Fuente: VCS Radio

El dios creador de todo observaba desde la profundidad del cosmos cómo las galaxias se movían lentamente, extendiendo sus brazos en espiral, brillando con sus millones de luces palpitantes, estrellas grandes y chicas como enjambres de luciérnagas en una noche infinita.

Esta visión lo satisfacía, pero también lo hacía sentir solo, compartiendo la belleza que había creado, solo consigo mismo. Entonces, decidió que necesitaba compañía y creó a unos seres con quienes compartir la existencia de tanta belleza. En un principio, todo funcionó de maravilla, pero poco después, ellos descubrieron la llave de la felicidad.

Una vez pudieron comprender cuál era realmente la fuente de toda la dicha, tomaron el camino del dios y lograron integrarse con él. Y el creador de todo volvió a sentir la soledad infinita, la cual le producía algo parecido a una tristeza divina.

Reflexionó profundamente sobre esto, pensando que tal vez debía crear al ser humano. Pero tenía claro que, para que dicho ser pudiera desarrollarse según el mundo que le daría, debería estar dotado de curiosidad. Y por supuesto, la curiosidad podría llevarlo a descubrir también la llave de la felicidad. Si esto sucedía, el ciclo seguramente iba a repetirse, con el desenlace ya conocido del regreso a su soledad.

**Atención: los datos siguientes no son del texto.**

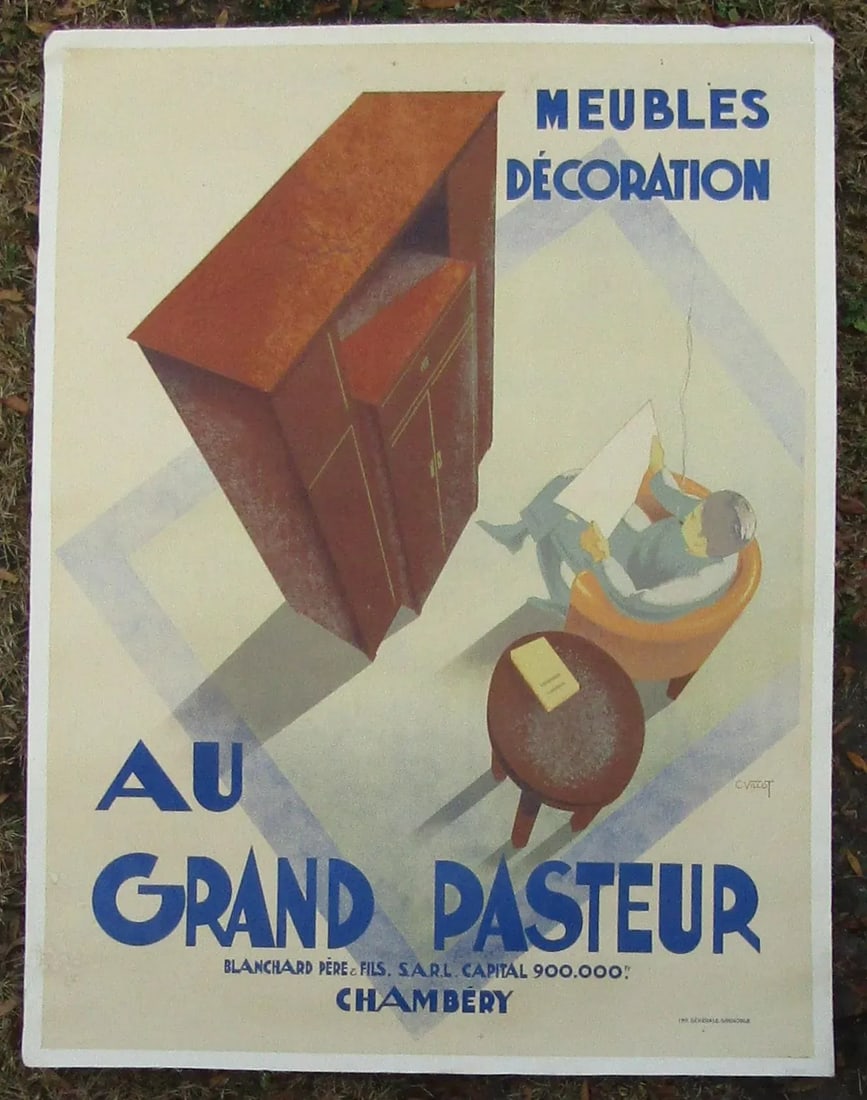 C. Villot "Au Grand Pasteur" French Art Deco Lithograph on Canvas Circa 1935 - 13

Cavilando sobre esto, se dirigió al mundo que pensaba darles a los hombres. Este mundo tenía extensos océanos, grande praderas, bosques ilimitados, montañas enormes y abismos profundos. Y por todas partes bullía la vida, toda clase de peces, aves, cuadrúpedos, mariposas multicolores y luciérnagas titilantes, en fin, un paraíso envidiable que seguramente ellos no querrían abandonar.

Pero recordó otra vez la insaciable curiosidad que habrían de tener. Ella haría que nunca estuvieran satisfechos del todo. La única solución era esconder la llave de la felicidad donde jamás la encontraran.

Miró el océano profundo, pero pudo verlos descendiendo cada vez más abajo, y seguro llegaría el día en que la iban a encontrar. Observó cavernas que se internaban muy adentro de las montañas, pero con resignación, movió la cabeza negativamente. Tampoco podían ser los bosques, ni las sabanas, ni el desierto inacabable. A todos esos lugares el hombre llegaría.

Por un instante miró las remotas estrellas, pero concluyó que incluso allí podría llegar. La noche avanzaba, y aunque el dios primordial tenía la facultad de no perder la paciencia, comenzó a cuestionarse si debía crear a un ser tan difícil de contener.

Ya casi amanecía, y parecía que el sol lo iba a sorprender sin haber encontrado una solución para este enigma, cuando cayó en cuenta de algo que ahora era evidente: todas las exploraciones en las que veía a los humanos tan interesados, eran muy lejanas de su lugar de origen. Esto solo dejaba un sitio donde jamás buscarían la llave: dentro de ellos mismos.

Entonces, sin demora, creó al hombre tal como siempre había querido, y puso la llave de la felicidad en el fondo de su corazón.